Speaking of Arkani-Hamed and his Amplituhedron work, if I remember correctly that was tied rather explicitly to N=4 supersymmetric Yang-Mills theory. I gather that it also borrowed heavily from Penrose’s twistor theory, but I wonder whether these new “palatial” ideas either implicitly or explicitly depend upon supersymmetric theories?
Also, given the rather disheartening news for SS theories now that the LHC has significantly constrained the parameter space, is Arkani-Hamed working on something else? All I can find from him lately seems to be “motivational” talks and papers on the way forward for particle theory and under consideration next generation colliders.
Very interesting article on M.Atiyah. He says he is going back reading Einstein and Dirac and finding stuff people missed. It would be great to see what he has found.
For something very recent from him, see
Some motivational stuff about colliders, etc, but also a long section on the latest on amplitudes. There’s the usual story about motivating work on amplitudes by hopes for finding a common origin of spacetime and QM, but I don’t see any particular progress towards that.
Three may be one, but I don’t know of any relation of the “palatial” stuff to SUSY.
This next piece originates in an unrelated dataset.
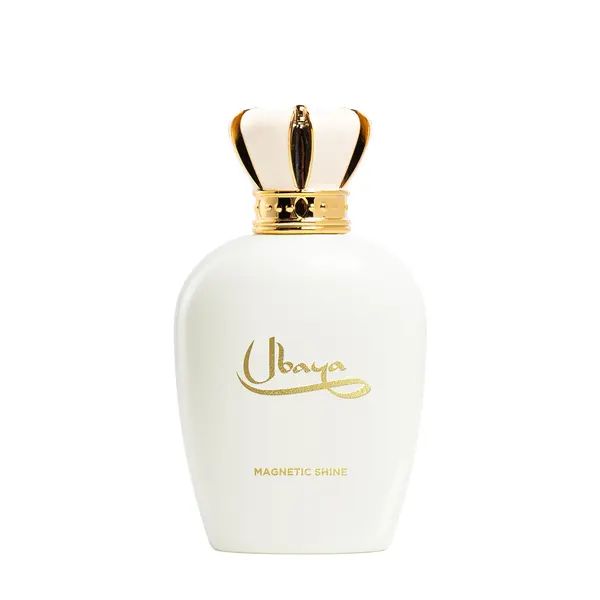 Magnetic shine 100 ml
If people want to skip to the ‘new’ material in Penrose’s talk, for instance if they are familiar with twistors, then jump to 45 minutes in (yes, I had to watch all that to find the actual point). He then says that palatial twistor theory is not any sort of quantum gravity, but then proposes another deformation of the algebra to make more commutators nonzero—he explicitly calls it a ‘crazy new proposal’—to maybe be able to do something. The comments Penrose makes in the question time are some of the best bits.